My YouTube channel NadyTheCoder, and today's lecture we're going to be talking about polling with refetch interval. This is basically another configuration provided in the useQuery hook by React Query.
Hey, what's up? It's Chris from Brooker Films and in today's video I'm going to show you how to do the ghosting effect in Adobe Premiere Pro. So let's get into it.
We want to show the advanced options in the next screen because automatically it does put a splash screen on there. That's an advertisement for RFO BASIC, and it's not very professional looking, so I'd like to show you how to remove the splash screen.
--
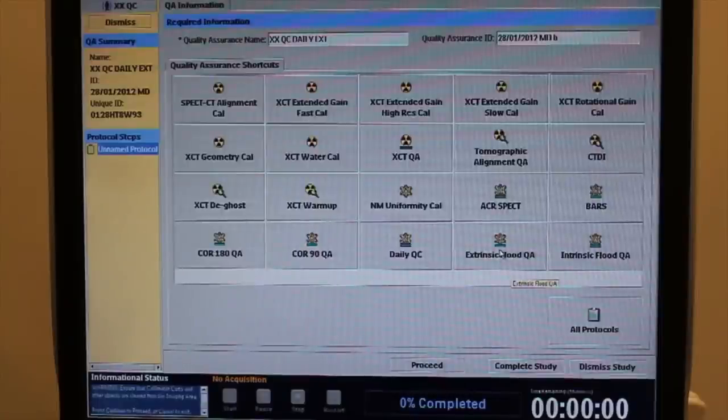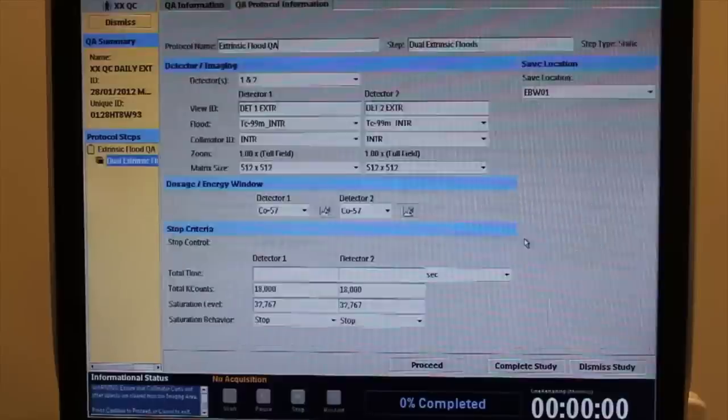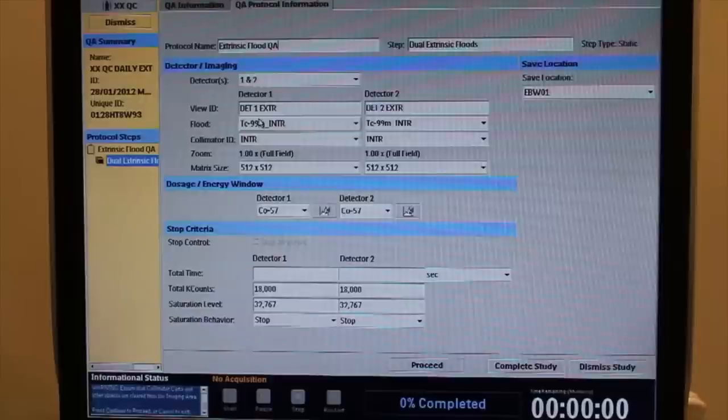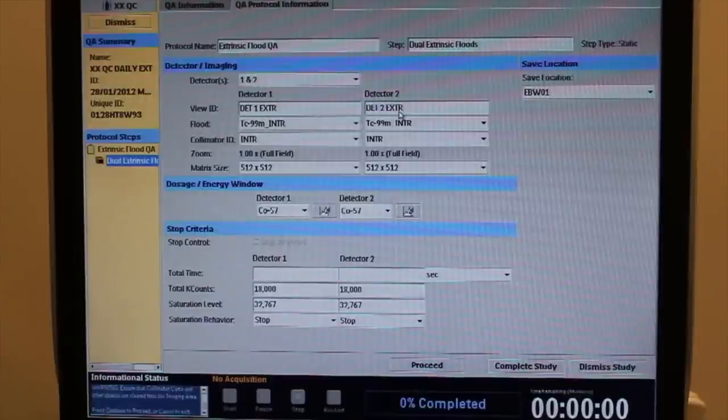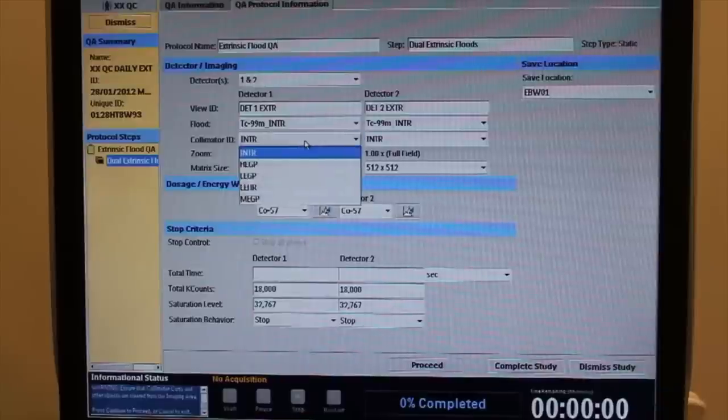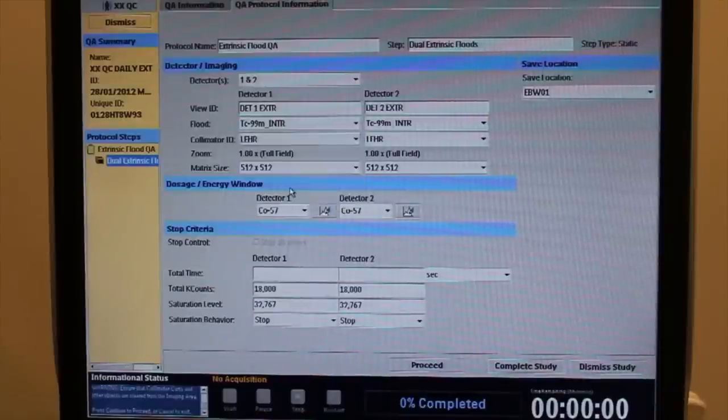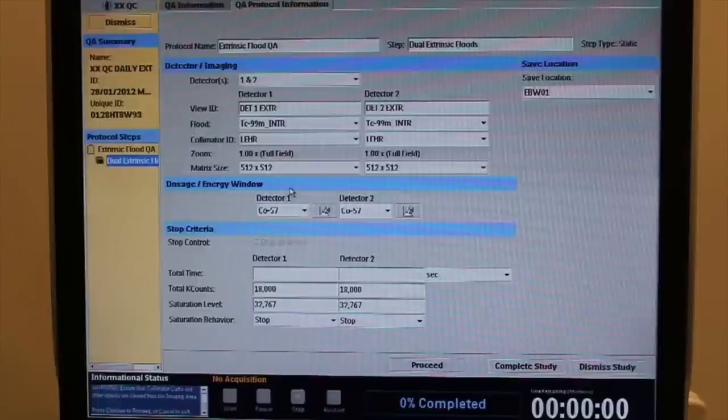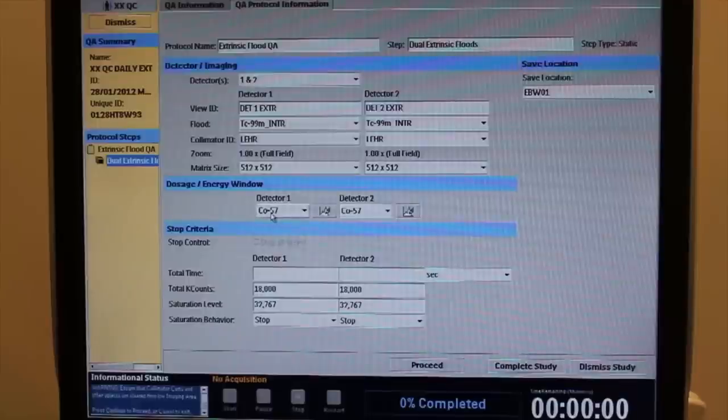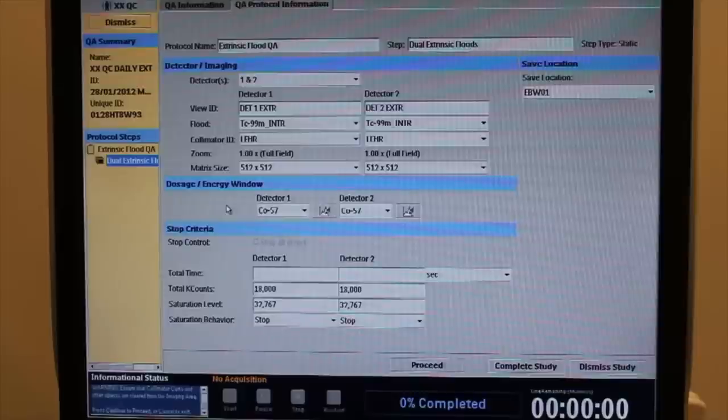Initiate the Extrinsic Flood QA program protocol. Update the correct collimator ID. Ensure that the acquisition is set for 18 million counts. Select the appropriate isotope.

**What you are asked to do**
Copy the records above exactly, beginning at the line that contains "Hey, what's up?" and stopping after the line that contains "We want to show".

**The completed task**
Hey, what's up? It's Chris from Brooker Films and in today's video I'm going to show you how to do the ghosting effect in Adobe Premiere Pro. So let's get into it.
We want to show the advanced options in the next screen because automatically it does put a splash screen on there. That's an advertisement for RFO BASIC, and it's not very professional looking, so I'd like to show you how to remove the splash screen.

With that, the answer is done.